Kuzey Kore'nin yaptırım ve baskılara rağmen nükleer güçlerini oluşturmaktan kaçınmayacağı bildirildi.
Kuzey Kore Dışişleri Bakanlığının, resmi KCNA ajansının haberinde yer alan açıklamasında, Birleşmiş Milletler Güvenlik Konseyinin (BMGK), cuma günü nükleer programı ve balistik füze denemelerini sürdüren Kuzey Kore'ye yönelik yaptırımları genişletme kararı almasına tepki gösterildi.
Açıklamada, "Yaptırım kararı dümeninde parmağı olan ülkeler, Kuzey Kore nükleer güçlerinin ufuk açıcı gelişmelerini sınırlamayı bir an bile düşünürse bu vahim bir hata olur. Başkalarının ne dediğinin önemi yok. Yaptırım ve baskı gelirse gelsin, nükleer güçlerimizi oluşturmaktan kaçınmayacağız." ifadeleri kullanıldı.
Yaptırım kararını kabul eden ülkelerin, nükleer silahların ortadan kaldırılması amacıyla diyalogda ısrarlı olmak yerine "doğru tercihler" yapması istenen açıklamada, Kuzey Kore'nin nükleerden arındırılması için küresel çabaların ters etki yapacağı vurgulandı.

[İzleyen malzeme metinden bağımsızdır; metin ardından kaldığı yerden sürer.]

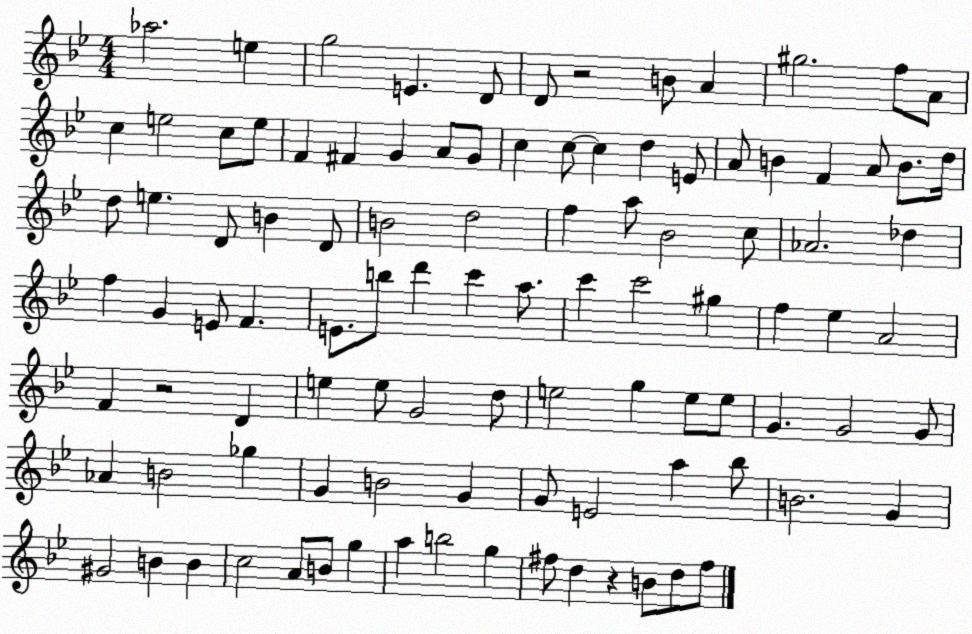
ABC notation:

X:1
T:Untitled
M:4/4
L:1/4
K:Bb
_a2 e g2 E D/2 D/2 z2 B/2 A ^g2 f/2 A/2 c e2 c/2 e/2 F ^F G A/2 G/2 c c/2 c d E/2 A/2 B F A/2 B/2 d/4 d/2 e D/2 B D/2 B2 d2 f a/2 _B2 c/2 _A2 _d f G E/2 F E/2 b/2 d' c' a/2 c' c'2 ^g f _e A2 F z2 D e e/2 G2 d/2 e2 g e/2 e/2 G G2 G/2 _A B2 _g G B2 G G/2 E2 a _b/2 B2 G ^G2 B B c2 A/2 B/2 g a b2 g ^f/2 d z B/2 d/2 ^f/2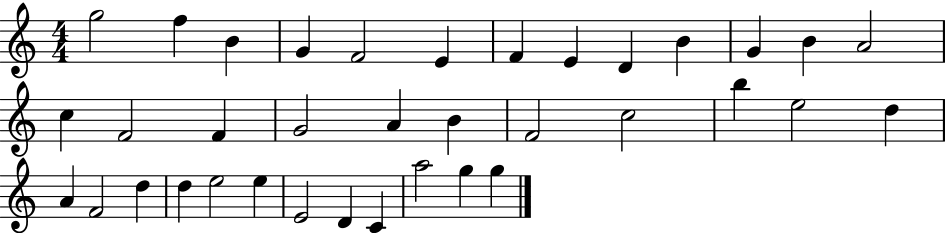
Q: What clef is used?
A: treble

ABD Dışişleri Bakanlığı sözcülerinden Anna Richey-Allen, Güney Kore haber ajansı Yonhap'a yaptığı açıklamada, "Kuzey Kore'ye provokatif ve istikrarı bozan eylemlerden kaçınma, uluslararası yükümlülükleri ve taahhütlerini yerine getirme, stratejik seçimini yapma ve görüşmelere dönme çağrısı yapıyoruz." dedi.
BMGK'da, cuma günü ABD tarafından sunulan ve Kuzey Kore'ye yönelik yaptırımların genişletilmesini içeren tasarı oy birliğiyle kabul edilmişti.

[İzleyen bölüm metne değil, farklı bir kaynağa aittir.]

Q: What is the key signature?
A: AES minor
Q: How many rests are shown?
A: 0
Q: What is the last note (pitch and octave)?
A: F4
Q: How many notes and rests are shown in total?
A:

Yaptırım listesine Kuzey Kore'nin nükleer programına finansal destek vermekle suçlanan 14 Kuzey Koreli ve 4 firma daha eklenmiş, bu kişi ve kuruluşlar hakkında seyahat yasağı ve varlık dondurma kararı alınmıştı.
Listede Kuzey Kore'nin denizaşırı casusluk operasyonlarının başındaki isim olduğu düşünülen Cho Il U da bulunuyor.

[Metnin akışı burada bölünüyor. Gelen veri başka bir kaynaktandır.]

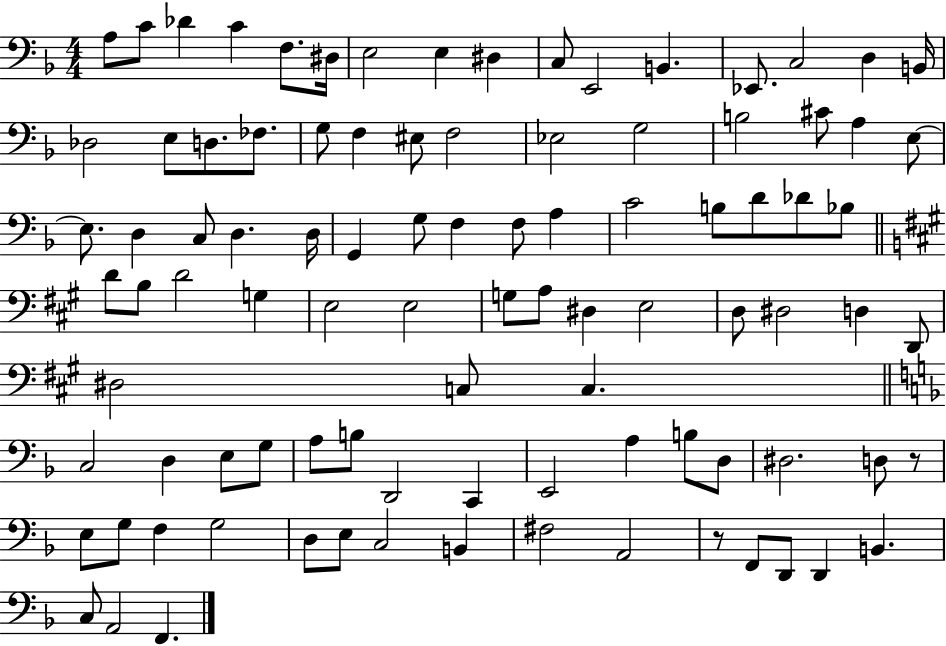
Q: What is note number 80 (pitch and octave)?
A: G3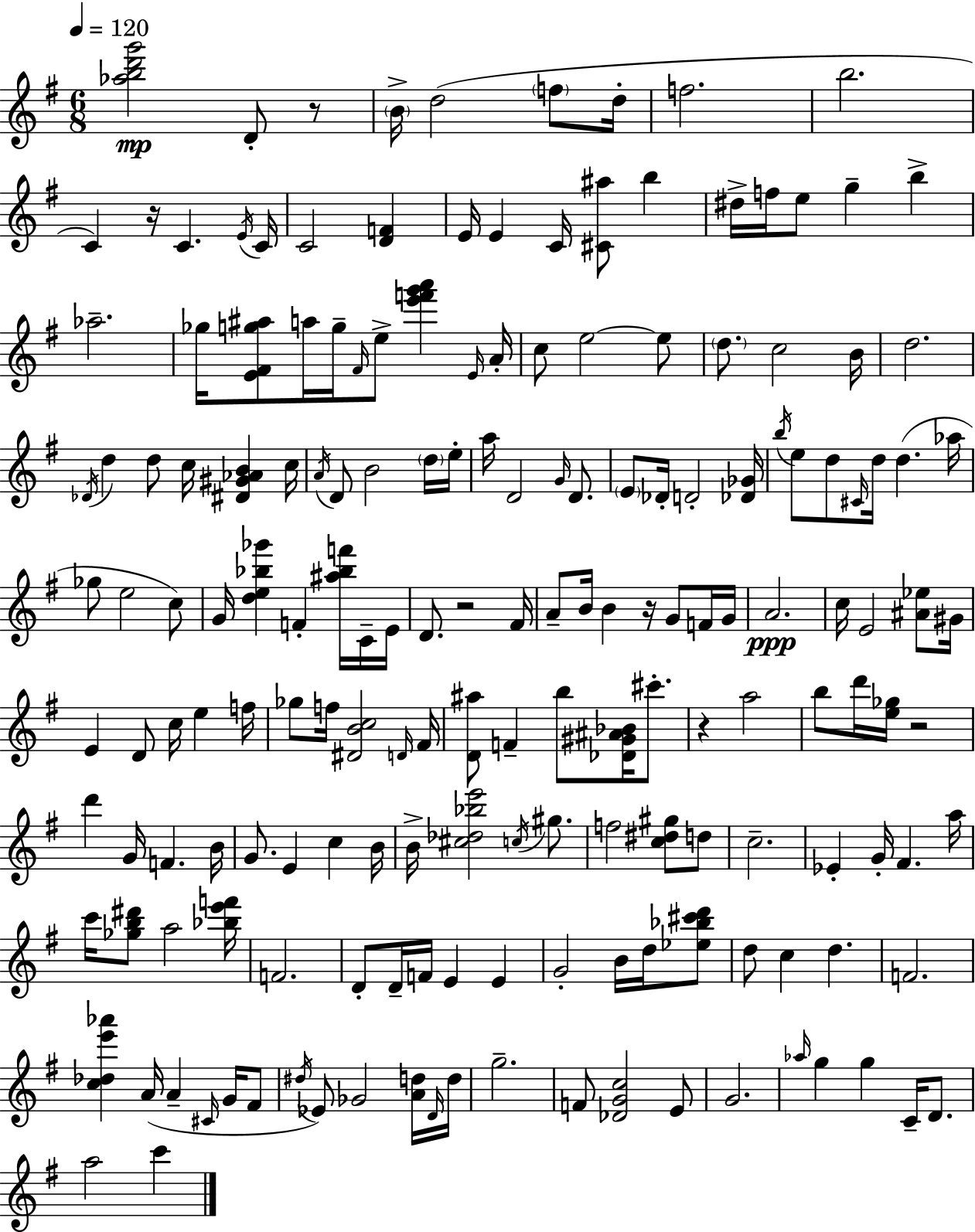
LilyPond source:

{
  \clef treble
  \numericTimeSignature
  \time 6/8
  \key e \minor
  \tempo 4 = 120
  \repeat volta 2 { <aes'' b'' d''' g'''>2\mp d'8-. r8 | \parenthesize b'16-> d''2( \parenthesize f''8 d''16-. | f''2. | b''2. | \break c'4) r16 c'4. \acciaccatura { e'16 } | c'16 c'2 <d' f'>4 | e'16 e'4 c'16 <cis' ais''>8 b''4 | dis''16-> f''16 e''8 g''4-- b''4-> | \break aes''2.-- | ges''16 <e' fis' g'' ais''>8 a''16 g''16-- \grace { fis'16 } e''8-> <e''' f''' g''' a'''>4 | \grace { e'16 } a'16-. c''8 e''2~~ | e''8 \parenthesize d''8. c''2 | \break b'16 d''2. | \acciaccatura { des'16 } d''4 d''8 c''16 <dis' gis' aes' b'>4 | c''16 \acciaccatura { a'16 } d'8 b'2 | \parenthesize d''16 e''16-. a''16 d'2 | \break \grace { g'16 } d'8. \parenthesize e'8 des'16-. d'2-. | <des' ges'>16 \acciaccatura { b''16 } e''8 d''8 \grace { cis'16 } | d''16 d''4.( aes''16 ges''8 e''2 | c''8) g'16 <d'' e'' bes'' ges'''>4 | \break f'4-. <ais'' bes'' f'''>16 c'16-- e'16 d'8. r2 | fis'16 a'8-- b'16 b'4 | r16 g'8 f'16 g'16 a'2.\ppp | c''16 e'2 | \break <ais' ees''>8 gis'16 e'4 | d'8 c''16 e''4 f''16 ges''8 f''16 <dis' b' c''>2 | \grace { d'16 } fis'16 <d' ais''>8 f'4-- | b''8 <des' gis' ais' bes'>16 cis'''8.-. r4 | \break a''2 b''8 d'''16 | <e'' ges''>16 r2 d'''4 | g'16 f'4. b'16 g'8. | e'4 c''4 b'16 b'16-> <cis'' des'' bes'' e'''>2 | \break \acciaccatura { c''16 } gis''8. f''2 | <c'' dis'' gis''>8 d''8 c''2.-- | ees'4-. | g'16-. fis'4. a''16 c'''16 <ges'' b'' dis'''>8 | \break a''2 <bes'' e''' f'''>16 f'2. | d'8-. | d'16-- f'16 e'4 e'4 g'2-. | b'16 d''16 <ees'' bes'' cis''' d'''>8 d''8 | \break c''4 d''4. f'2. | <c'' des'' e''' aes'''>4 | a'16( a'4-- \grace { cis'16 } g'16 fis'8 \acciaccatura { dis''16 }) | ees'8 ges'2 <a' d''>16 \grace { d'16 } | \break d''16 g''2.-- | f'8 <des' g' c''>2 e'8 | g'2. | \grace { aes''16 } g''4 g''4 c'16-- d'8. | \break a''2 c'''4 | } \bar "|."
}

BMGK, nükleer programı nedeniyle Kuzey Kore'ye 2006 yılından bu yana askeri ve ekonomik yaptırımlar uyguluyor.
ABD'nin BM Daimi Temsilcisi Nikki Haley, oylamanın ardından yaptığı açıklamada, BMGK'nın Kuzey Kore'ye net bir mesaj gönderdiğini belirterek "Balistik füze denemelerine son verin ya da sonuçlarına katlanın." demişti.
Haley, ABD'nin barışçıl ve diplomatik bir çözüm bulma arayışına devam edeceğini ancak gerekirse farklı yollara başvurmaya hazır olduğunu söylemişti.